> What is required: Below are the records; restate word for word the lines from the first through the one containing "3 BHK Apartment", and only those.

> Input for this task:
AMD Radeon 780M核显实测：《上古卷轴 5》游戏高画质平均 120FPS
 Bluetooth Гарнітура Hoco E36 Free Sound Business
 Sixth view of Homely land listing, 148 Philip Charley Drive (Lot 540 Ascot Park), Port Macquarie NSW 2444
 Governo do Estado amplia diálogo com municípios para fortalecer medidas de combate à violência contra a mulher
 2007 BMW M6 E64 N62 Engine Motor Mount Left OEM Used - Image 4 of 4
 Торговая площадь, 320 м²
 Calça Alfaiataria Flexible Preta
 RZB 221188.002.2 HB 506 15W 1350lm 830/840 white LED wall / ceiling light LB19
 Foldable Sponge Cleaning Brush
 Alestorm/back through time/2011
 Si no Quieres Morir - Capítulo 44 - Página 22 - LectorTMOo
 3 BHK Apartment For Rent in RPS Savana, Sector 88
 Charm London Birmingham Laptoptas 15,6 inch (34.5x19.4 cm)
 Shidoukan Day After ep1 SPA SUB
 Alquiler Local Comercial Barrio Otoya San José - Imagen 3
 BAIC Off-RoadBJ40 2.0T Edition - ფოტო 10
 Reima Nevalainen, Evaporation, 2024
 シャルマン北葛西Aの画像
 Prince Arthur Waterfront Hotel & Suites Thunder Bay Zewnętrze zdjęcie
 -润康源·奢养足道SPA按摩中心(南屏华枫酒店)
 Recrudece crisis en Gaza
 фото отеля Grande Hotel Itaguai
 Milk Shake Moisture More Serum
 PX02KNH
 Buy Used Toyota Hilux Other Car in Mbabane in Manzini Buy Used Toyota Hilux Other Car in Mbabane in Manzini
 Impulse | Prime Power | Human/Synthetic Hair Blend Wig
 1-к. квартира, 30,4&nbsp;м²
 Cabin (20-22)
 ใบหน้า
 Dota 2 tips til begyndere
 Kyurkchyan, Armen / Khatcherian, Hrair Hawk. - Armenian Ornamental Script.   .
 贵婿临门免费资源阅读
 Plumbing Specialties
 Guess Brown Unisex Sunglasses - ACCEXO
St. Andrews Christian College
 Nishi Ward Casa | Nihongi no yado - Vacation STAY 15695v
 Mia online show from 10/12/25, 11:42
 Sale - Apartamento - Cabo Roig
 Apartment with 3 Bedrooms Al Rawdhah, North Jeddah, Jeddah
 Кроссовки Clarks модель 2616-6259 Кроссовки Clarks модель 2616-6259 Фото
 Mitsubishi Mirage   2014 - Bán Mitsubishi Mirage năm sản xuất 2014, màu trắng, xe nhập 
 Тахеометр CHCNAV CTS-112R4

> Task response:
AMD Radeon 780M核显实测：《上古卷轴 5》游戏高画质平均 120FPS
 Bluetooth Гарнітура Hoco E36 Free Sound Business
 Sixth view of Homely land listing, 148 Philip Charley Drive (Lot 540 Ascot Park), Port Macquarie NSW 2444
 Governo do Estado amplia diálogo com municípios para fortalecer medidas de combate à violência contra a mulher
 2007 BMW M6 E64 N62 Engine Motor Mount Left OEM Used - Image 4 of 4
 Торговая площадь, 320 м²
 Calça Alfaiataria Flexible Preta
 RZB 221188.002.2 HB 506 15W 1350lm 830/840 white LED wall / ceiling light LB19
 Foldable Sponge Cleaning Brush
 Alestorm/back through time/2011
 Si no Quieres Morir - Capítulo 44 - Página 22 - LectorTMOo
 3 BHK Apartment For Rent in RPS Savana, Sector 88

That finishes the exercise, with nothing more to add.